I am trying to write scrapy spider with playwright. I use the module scrapy-playwright.
I successfully wrote a spider and it works fine if run manually (scrapy crawl my_spider
). But when I tried to start the spider process via PM2, then it just hangs and does not work as it should.
The problem is not in my code, and not in how I made the PM2 config. Because without playwright the spiders run successfully.
The problem is in the logic of the playwright.
I found a line of code where the process hangs: https://github.com/microsoft/playwright-python/blob/main/playwright/async_api/_context_manager.py#L40
Also after that I tried to write my own spider with synchronous api of playwright. This spider successfully starts manually, but in PM2 it also freezes.
Synchronous playwright hangs on this line: https://github.com/microsoft/playwright-python/blob/main/playwright/sync_api/_context_manager.py#L88
I don't understand why this is happening and how to solve this problem. My playwright spiders successfully start manually, but in PM2 they freeze.
Could you please help me with this problem.
I had a similar problem: I had PM2 run by an Apache Airflow Celery worker running a playwright task, hourly. The job hung.

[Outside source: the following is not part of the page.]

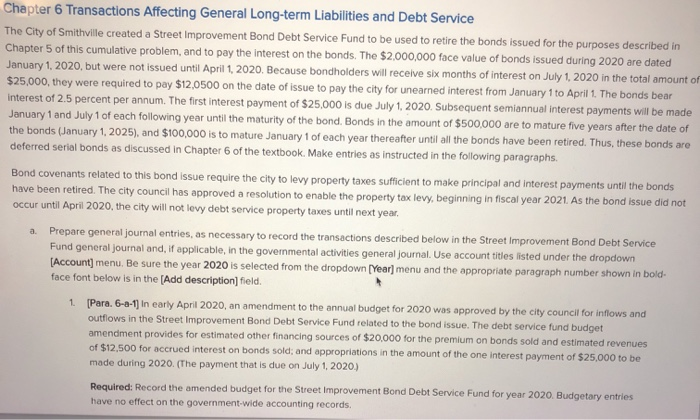  Chapter 6 Transactions Affecting General Long-term Liabilities and Debt Service The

I suspect it is the environment variables littered by Byobu and PM2. What worked for me was wrapping the Python script in a bash script and sanitizing the environment variable like the following:
#!/bin/bash
[ "$HOME" != "" ] && exec -c $0
# Your python script should come below:
/home/ubuntu/usr/venv-3.10-airflow/bin/airflow celery worker
The first line clears the env vars (as suggested in Sanitize environment with command or bash script?). Now you can run this script with pm2 start
command. My worker ran fine for about 24 hours as of now. I hope this works for you too.